- Your assignment: Without the pictures, give the listing below again exactly.

[Start of section]

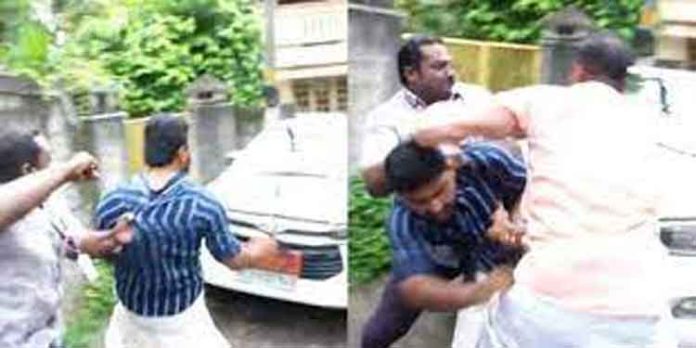 മേയര് ആര്യാ രാജേന്ദ്രനെതിരെ കെ.എസ്.യു. പ്രവര്ത്തകരുടെ കരിങ്കൊടി പ്രതിഷേധം മേയര് ആര്യാ രാജേന്ദ്രനെതിരെ കെ.എസ്.യു. പ്രവര്ത്തകരുടെ കരിങ്കൊടി പ്രതിഷേധം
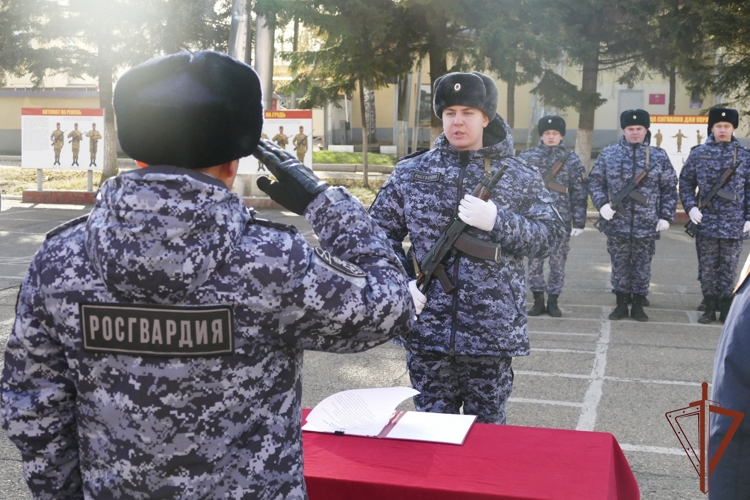 Торжественные мероприятия ко Дню образования подразделений вневедомственной охраны Росгвардии прошли в регионах Сибири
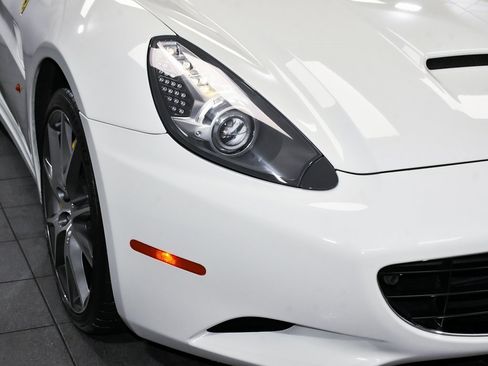 Used 2013 Ferrari California image 79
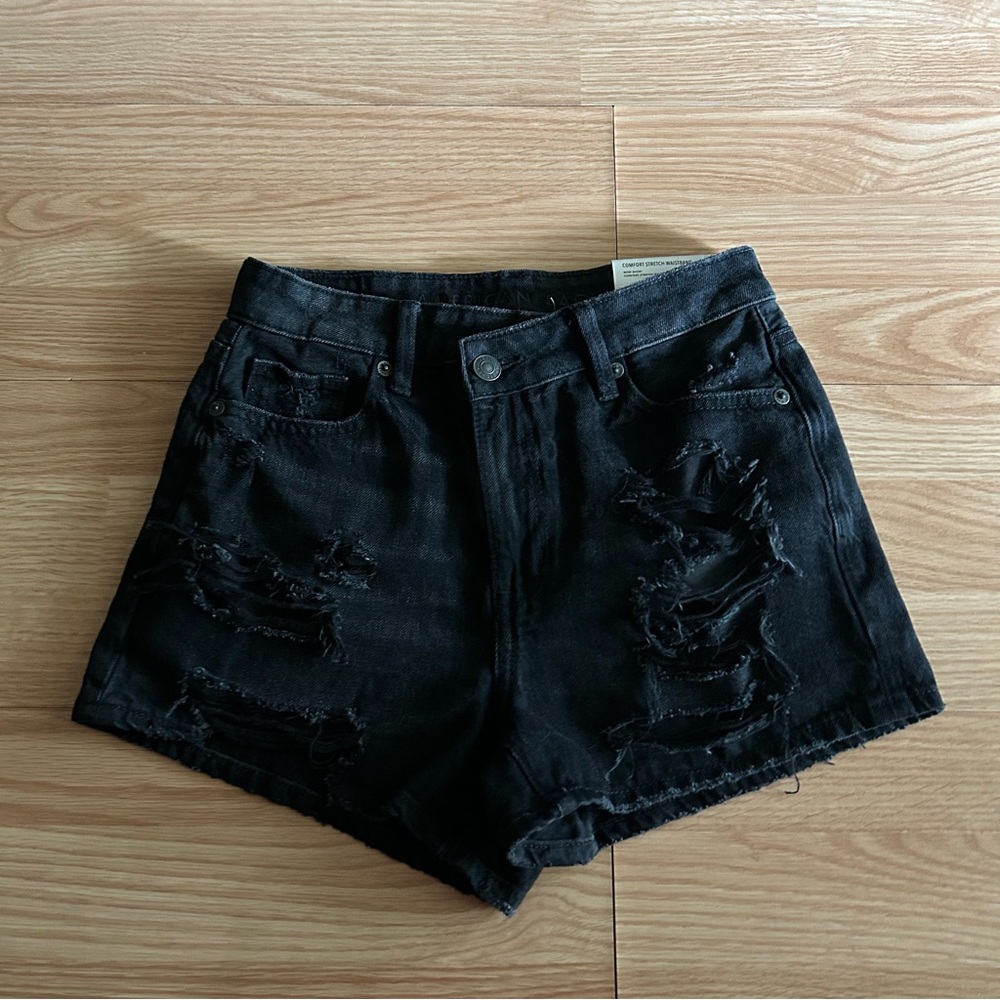 NWT American Eagle Black Ripped Mom Jean Shorts Size 23w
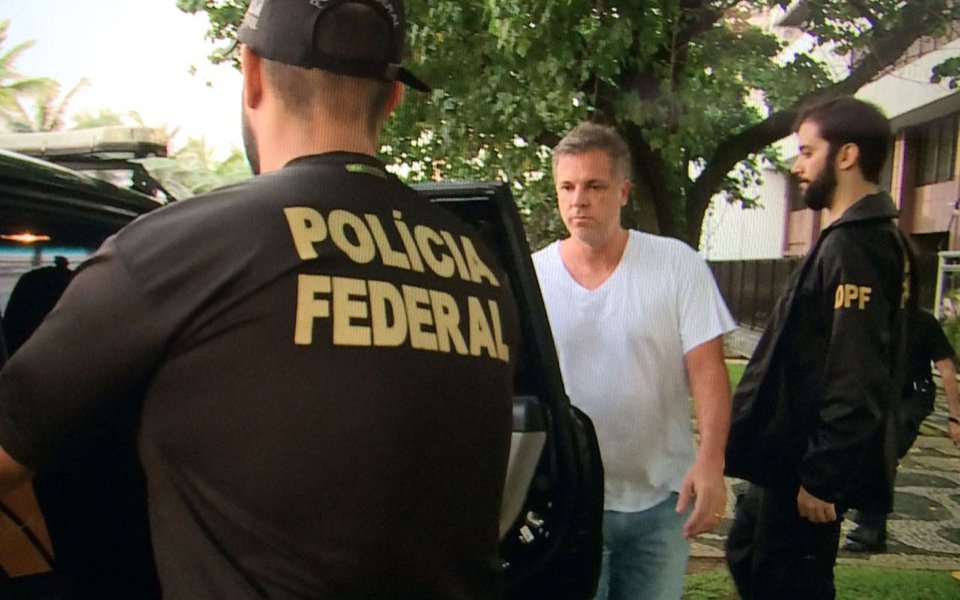 O TRF2 manteve a prisão preventiva do empresário Marco Antonio de Luca, que está detido desde o dia 1º de junho; ele é acusado, pela força-tarefa da Operação Lava Jato no Rio de Janeiro de crimes de corrupção passiva, organização criminosa e lavagem de dinheiro, no âmbito da Operação Ratatouille; desembargadores concordaram com o MPF de que não houve alteração nos fundamentos da prisão como a garantia da ordem pública e a gravidade das condutas (Foto: Leonardo Lucena) O TRF2 manteve a prisão preventiva do empresário Marco Antonio de Luca, que está detido desde o dia 1º de junho; ele é acusado, pela força-tarefa da Operação Lava Jato no Rio de Janeiro de crimes de corrupção passiva, organização criminosa e lavagem de dinheiro, no âmbito da Operação Ratatouille; desembargadores concordaram com o MPF de que não houve alteração nos fundamentos da prisão como a garantia da ordem pública e a gravidade das condutas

[End of section]

- Expected output:
 മേയര് ആര്യാ രാജേന്ദ്രനെതിരെ കെ.എസ്.യു. പ്രവര്ത്തകരുടെ കരിങ്കൊടി പ്രതിഷേധം മേയര് ആര്യാ രാജേന്ദ്രനെതിരെ കെ.എസ്.യു. പ്രവര്ത്തകരുടെ കരിങ്കൊടി പ്രതിഷേധം
 Торжественные мероприятия ко Дню образования подразделений вневедомственной охраны Росгвардии прошли в регионах Сибири
 Used 2013 Ferrari California image 79
 NWT American Eagle Black Ripped Mom Jean Shorts Size 23w
 O TRF2 manteve a prisão preventiva do empresário Marco Antonio de Luca, que está detido desde o dia 1º de junho; ele é acusado, pela força-tarefa da Operação Lava Jato no Rio de Janeiro de crimes de corrupção passiva, organização criminosa e lavagem de dinheiro, no âmbito da Operação Ratatouille; desembargadores concordaram com o MPF de que não houve alteração nos fundamentos da prisão como a garantia da ordem pública e a gravidade das condutas (Foto: Leonardo Lucena) O TRF2 manteve a prisão preventiva do empresário Marco Antonio de Luca, que está detido desde o dia 1º de junho; ele é acusado, pela força-tarefa da Operação Lava Jato no Rio de Janeiro de crimes de corrupção passiva, organização criminosa e lavagem de dinheiro, no âmbito da Operação Ratatouille; desembargadores concordaram com o MPF de que não houve alteração nos fundamentos da prisão como a garantia da ordem pública e a gravidade das condutas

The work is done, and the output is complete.